14 August 2014

Thursday's Thought



"Live like a bubble
floating freely and without intention
because life, like a bubble, is fleeting."
~Danielle Schwartz


One of my goals in the past year has been to live wildly.  To live more freely.  When I got married 4 years ago, I settled down for the first time - ever.  I hadn't lived anywhere for a full year since I was 16.  I had lived in several different states and the Caribbean.  I was crazy independent and lived without permanence.  Once married, however, that nesting bug took over.  I acquired stuff.  I had matching things in my kitchen.  I owned furniture that wasn't free or found on the street {albeit I still "shop" the nice neighborhoods on garbage night!}.  I settled into my husband's apartment and lived there nearly 4 years before our recent move.

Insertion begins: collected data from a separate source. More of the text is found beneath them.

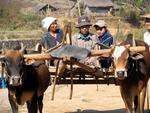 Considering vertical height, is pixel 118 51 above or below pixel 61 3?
below

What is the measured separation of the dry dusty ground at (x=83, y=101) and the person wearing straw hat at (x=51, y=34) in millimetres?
2267

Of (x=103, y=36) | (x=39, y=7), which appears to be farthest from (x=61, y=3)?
(x=103, y=36)

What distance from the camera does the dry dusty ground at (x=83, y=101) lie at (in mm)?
10883

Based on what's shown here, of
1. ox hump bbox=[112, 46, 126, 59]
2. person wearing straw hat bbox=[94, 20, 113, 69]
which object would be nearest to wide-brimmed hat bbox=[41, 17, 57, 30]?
person wearing straw hat bbox=[94, 20, 113, 69]

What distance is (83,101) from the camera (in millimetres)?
11977

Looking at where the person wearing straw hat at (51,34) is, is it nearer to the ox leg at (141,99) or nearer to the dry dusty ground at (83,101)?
the ox leg at (141,99)

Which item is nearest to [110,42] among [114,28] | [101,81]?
[101,81]

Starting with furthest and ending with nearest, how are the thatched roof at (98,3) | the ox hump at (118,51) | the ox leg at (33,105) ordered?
the thatched roof at (98,3) → the ox leg at (33,105) → the ox hump at (118,51)

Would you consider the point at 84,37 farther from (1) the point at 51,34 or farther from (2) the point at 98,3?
(2) the point at 98,3

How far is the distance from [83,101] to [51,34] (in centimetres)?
332

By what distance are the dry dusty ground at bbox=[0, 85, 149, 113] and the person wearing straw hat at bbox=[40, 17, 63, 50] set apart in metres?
2.27

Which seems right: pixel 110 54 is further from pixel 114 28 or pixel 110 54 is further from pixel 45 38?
pixel 114 28

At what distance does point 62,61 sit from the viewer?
25.9 feet

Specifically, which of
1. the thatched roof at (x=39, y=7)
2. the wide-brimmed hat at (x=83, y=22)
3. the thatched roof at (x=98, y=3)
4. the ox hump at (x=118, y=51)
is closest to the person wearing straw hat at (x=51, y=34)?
the wide-brimmed hat at (x=83, y=22) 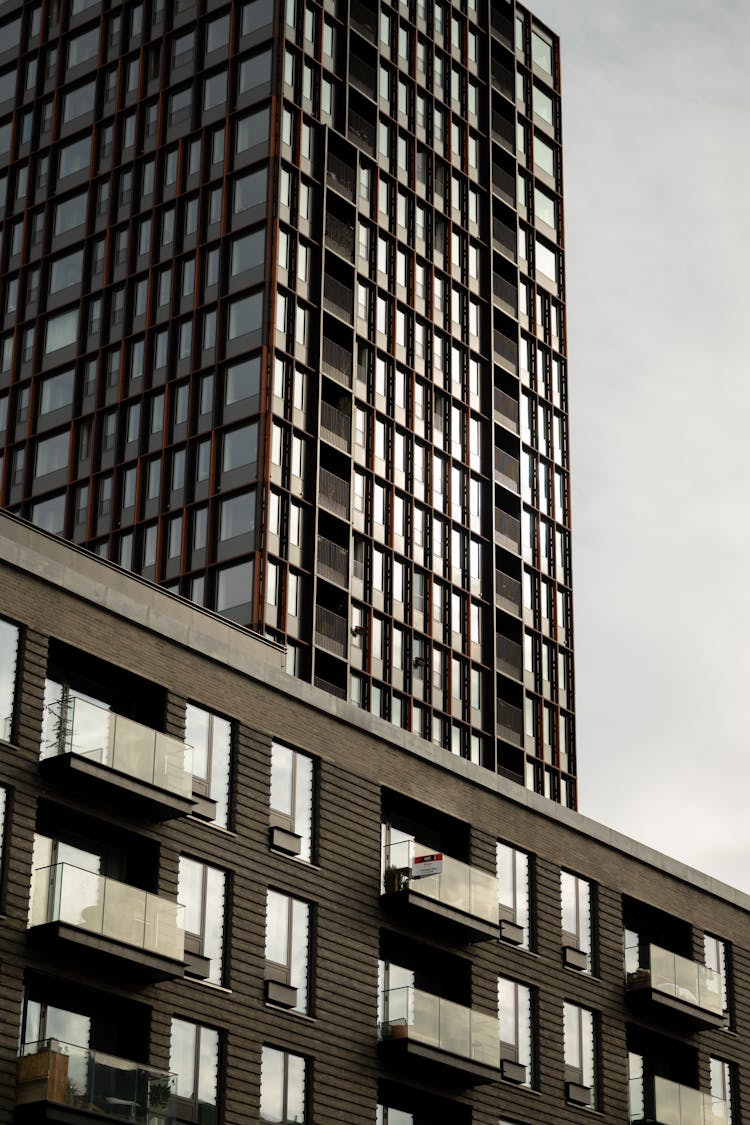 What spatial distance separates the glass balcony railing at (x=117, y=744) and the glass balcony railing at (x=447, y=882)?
22.0ft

This was a beautiful feeling for me - being a {zodiac} Cancer - to grow roots.  But I felt like I had lost something else... I lost that ability to pack a suitcase and go.  And that scared me a little.  This past spring a friend ripped that feeling from me just when I needed it.  I took a quick trip to Barcelona in March and haven't looked back!  I'm still a nesting fool - especially since we moved in May and I have a clean slate for my creativity, but that wanderlust is back in me.

I wrote this quote a few weeks ago, while on Cape Cod with my sister.  I was on a little adventure.  And everything was perfect.  I was floating and free.  Being me.